-- Task requirements --
Every line of the data below is to be given again as it appears, with the images removed.

Captioned web image data
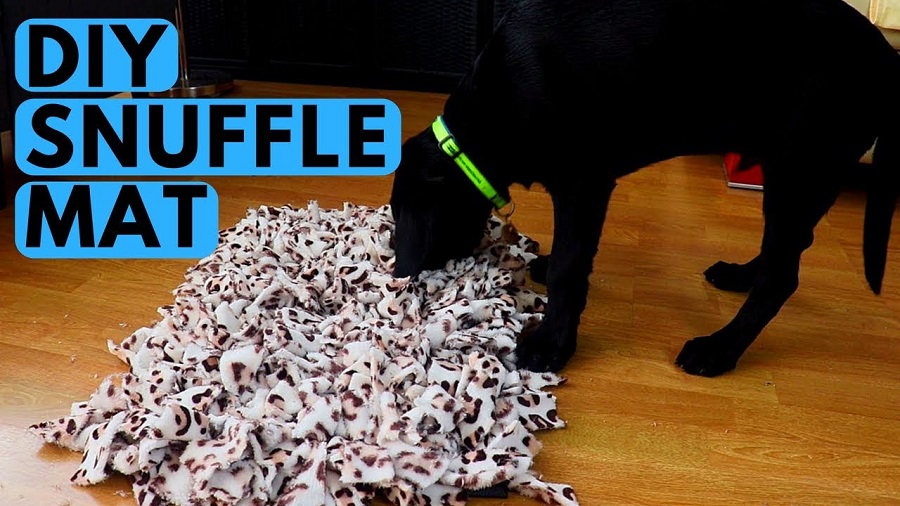 How to Make a Snuffle Mat for Your Dog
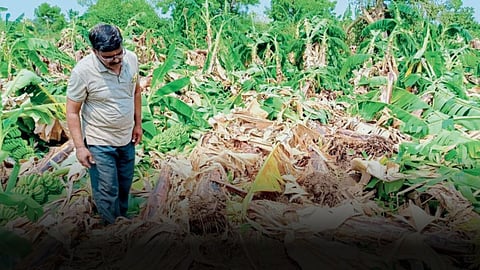 Banana Crop Damage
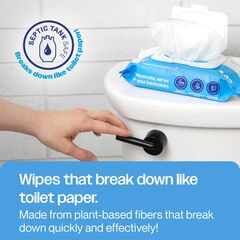 Wipemate Ultra Flushable Butt Wipes - Soothing Vitamin E & Aloe - Coconut Scent - 6 Premium Flip Top Packs - 42 Wipes Per Pack - 252 count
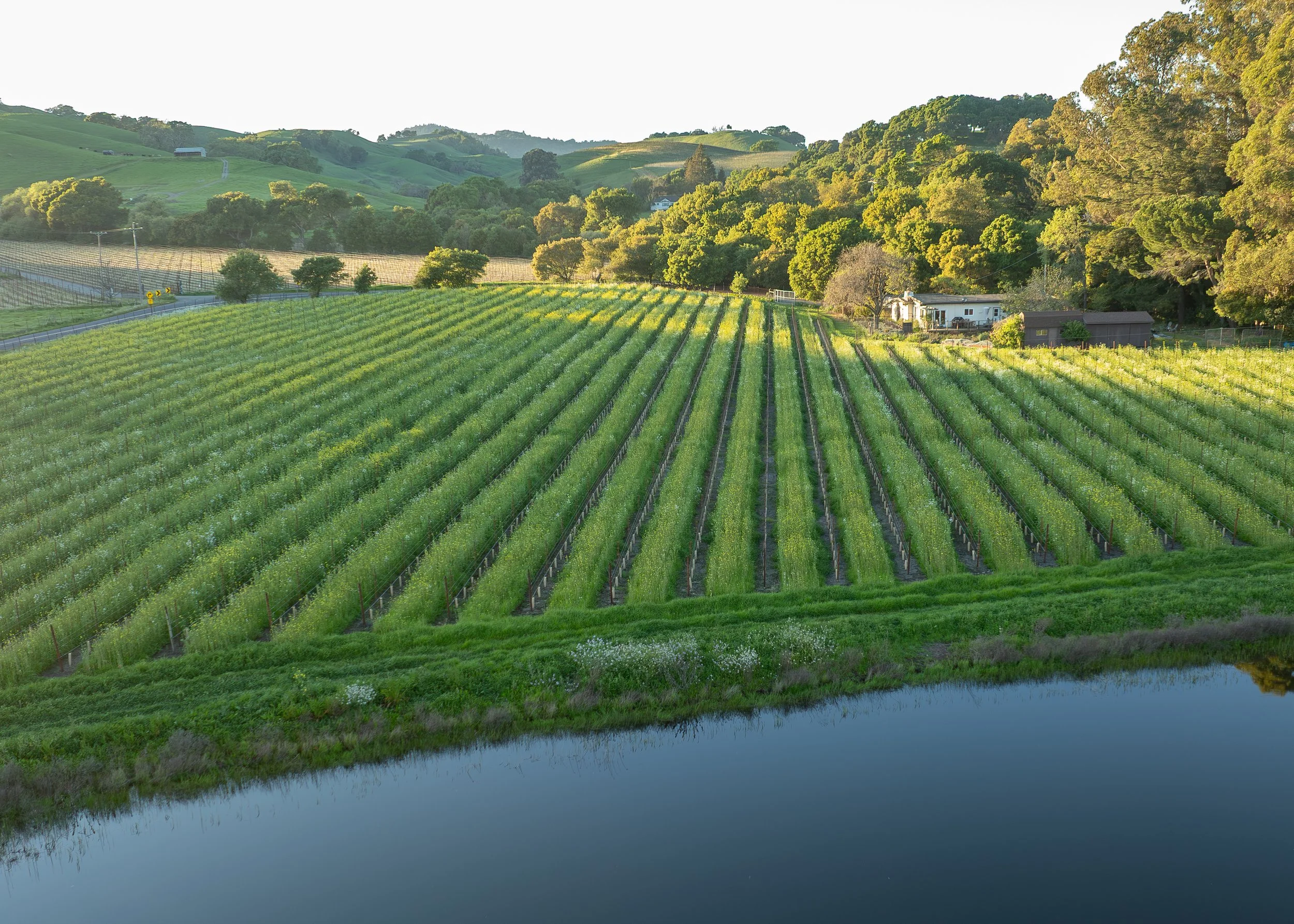 DJI_0748.jpg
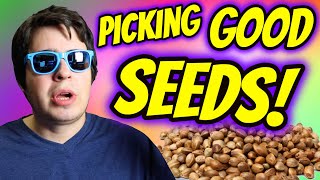 HOW TO TELL YOU GOT GOOD SEEDS!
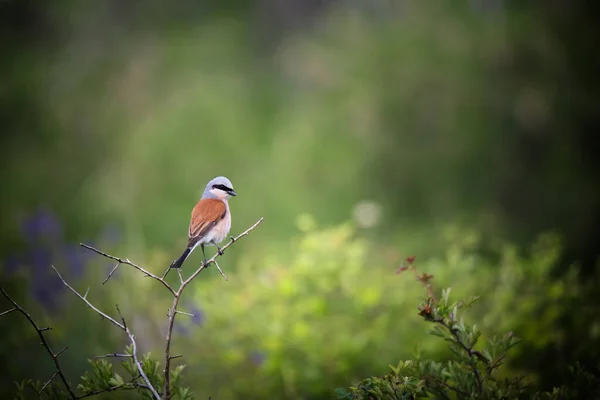 Pequeno Único Pássaro Shrike Sentado Galho Árvore Fundo Natureza Verde — Fotografia de Stock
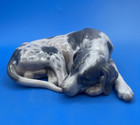 New Listing*Scarce* Dahl Jensen Denmark Porcelain Figurine Of A Pointer Dog, Model 1235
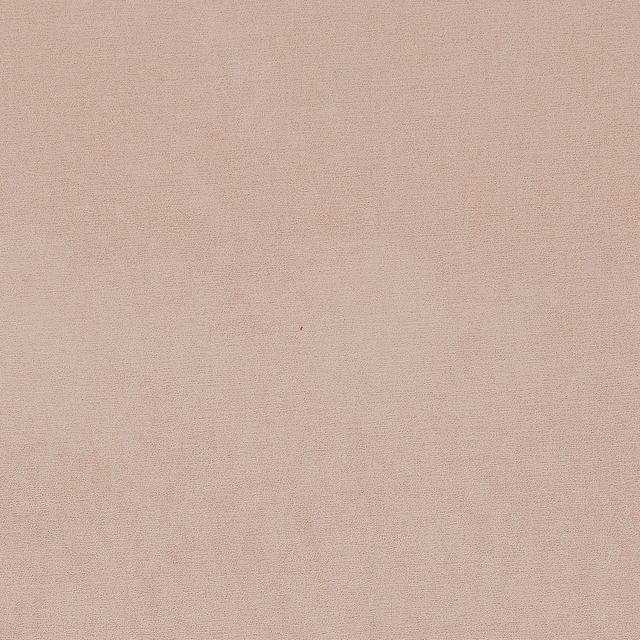 Ashley Wilde  Arezzo Shell Sample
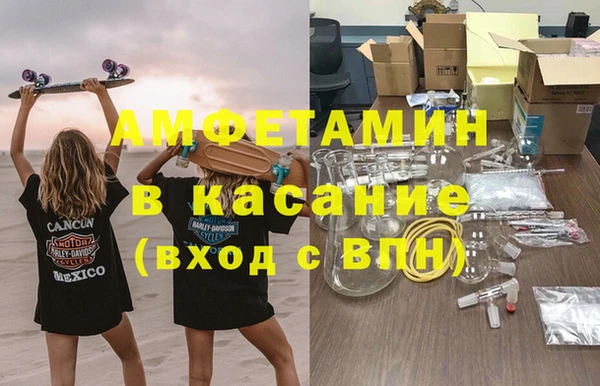 стафф Богданович
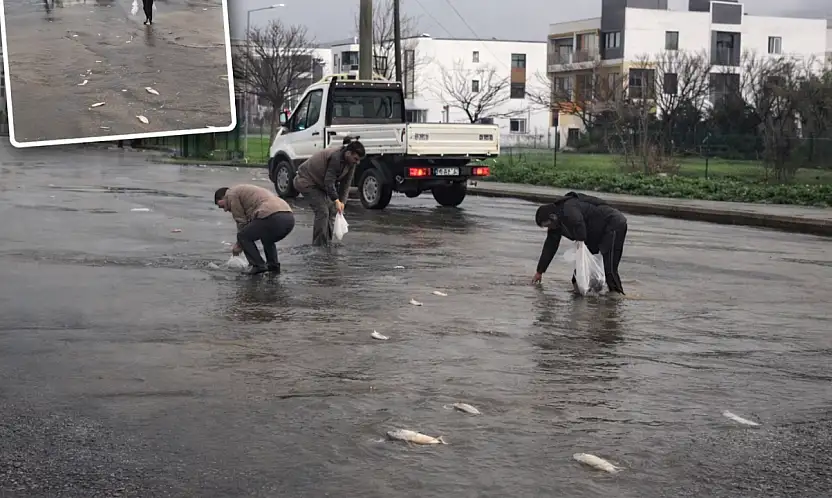 Mumcular'da yağış sonrası gölet taştı, balıklar yola çıktı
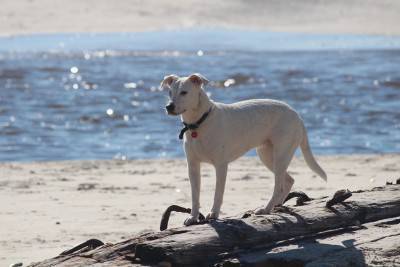 perros playas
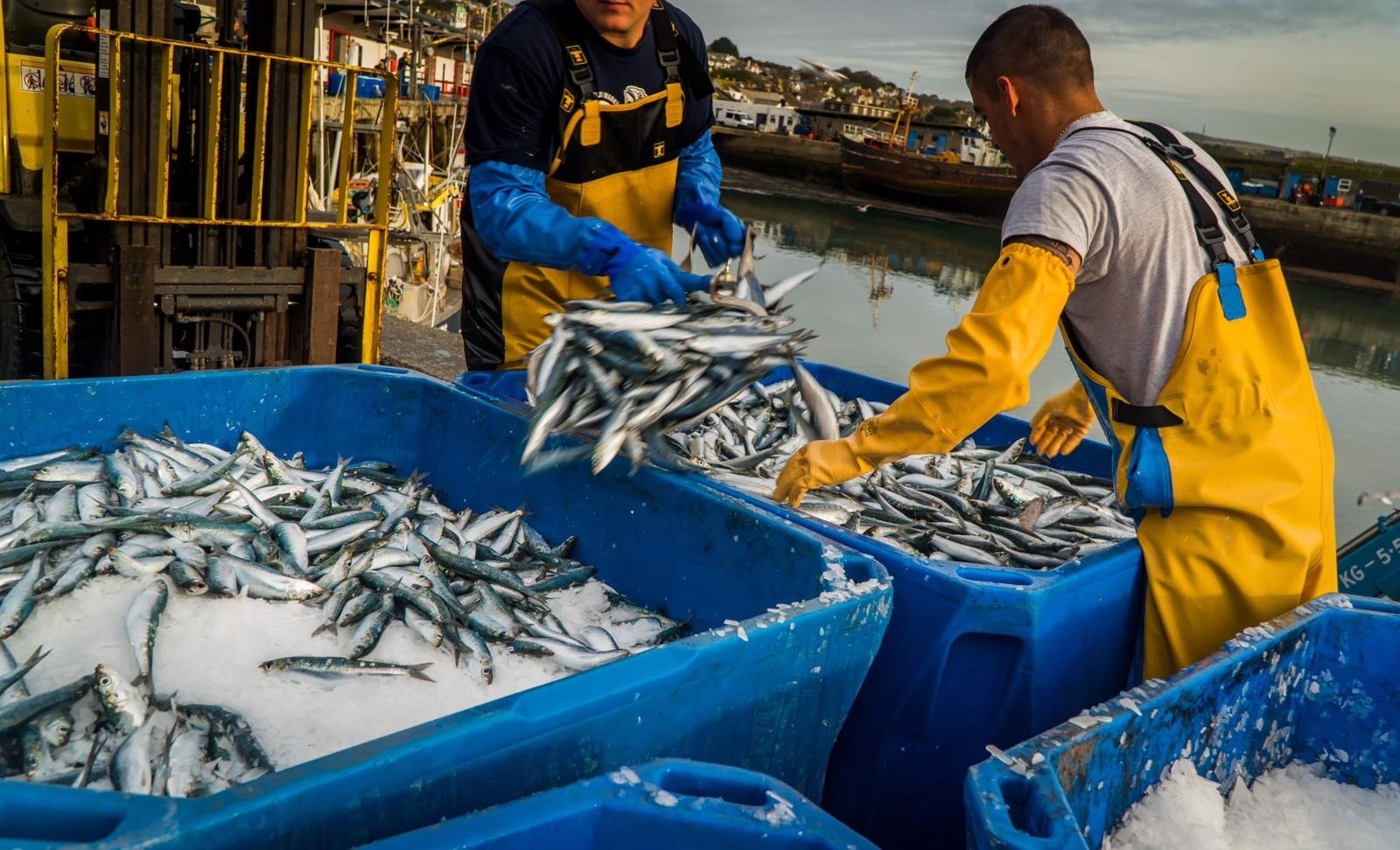 Morocco to halt frozen Sardine exports from February 2026 amid domestic shortages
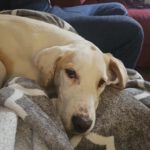 Mastin Mischling Dobra, 05/2024, Endgröße ca. 55- 60 cm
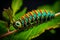 Caterpillar munching on vibrant green leaf, showcasing details of its tiny mandibles and colorful body. Generative AI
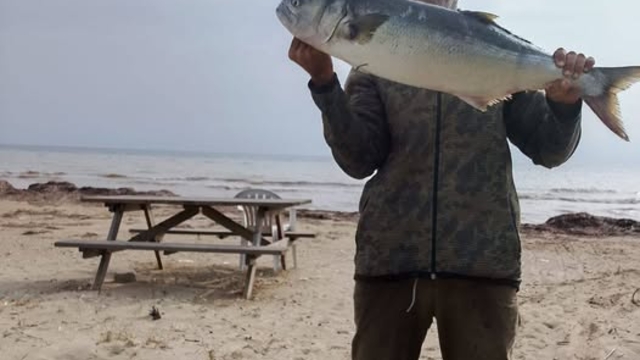 Gelibolulu amatör balıkçı 5 kilogramlık kofana yakaladı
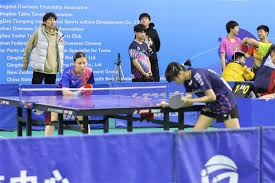 牛牛你是不是上头了（牛牛，你是不是冲昏头了？）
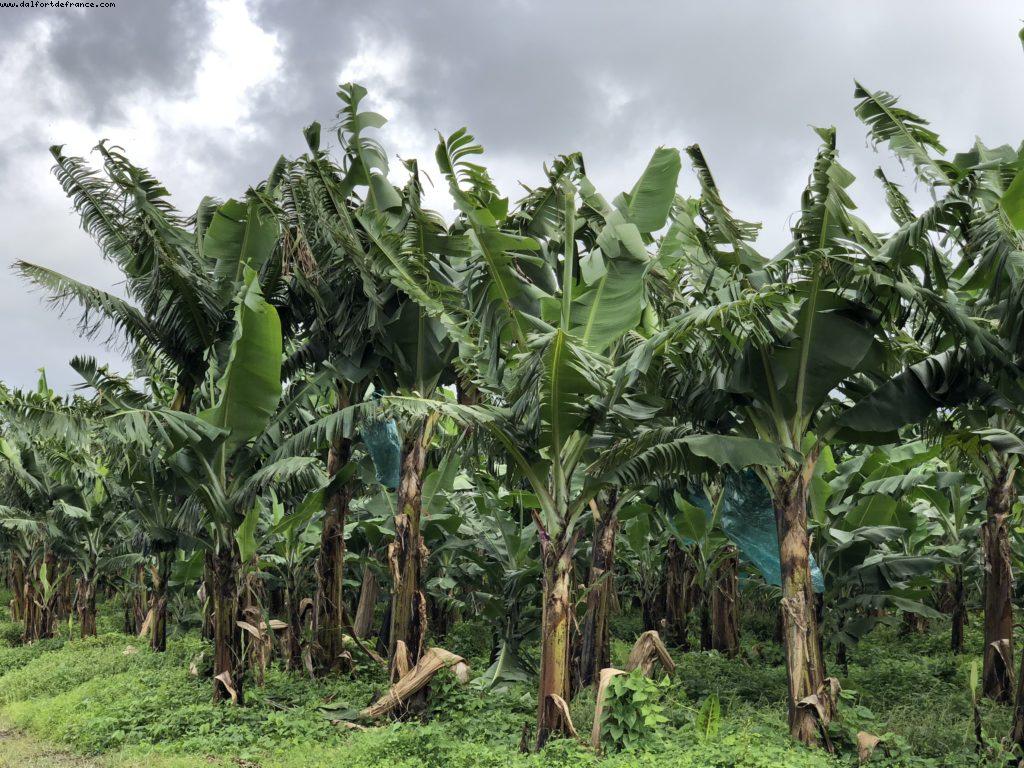 Martinique - Notre 66eme croisière Atlantis (à bord du Jewel of the Seas)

-- Exercise solution --
 How to Make a Snuffle Mat for Your Dog
 Banana Crop Damage
 Wipemate Ultra Flushable Butt Wipes - Soothing Vitamin E & Aloe - Coconut Scent - 6 Premium Flip Top Packs - 42 Wipes Per Pack - 252 count
 DJI_0748.jpg
 HOW TO TELL YOU GOT GOOD SEEDS!
 Pequeno Único Pássaro Shrike Sentado Galho Árvore Fundo Natureza Verde — Fotografia de Stock
 New Listing*Scarce* Dahl Jensen Denmark Porcelain Figurine Of A Pointer Dog, Model 1235
 Ashley Wilde  Arezzo Shell Sample
 стафф Богданович
 Mumcular'da yağış sonrası gölet taştı, balıklar yola çıktı
 perros playas
 Morocco to halt frozen Sardine exports from February 2026 amid domestic shortages
 Mastin Mischling Dobra, 05/2024, Endgröße ca. 55- 60 cm
 Caterpillar munching on vibrant green leaf, showcasing details of its tiny mandibles and colorful body. Generative AI
 Gelibolulu amatör balıkçı 5 kilogramlık kofana yakaladı
 牛牛你是不是上头了（牛牛，你是不是冲昏头了？）
 Martinique - Notre 66eme croisière Atlantis (à bord du Jewel of the Seas)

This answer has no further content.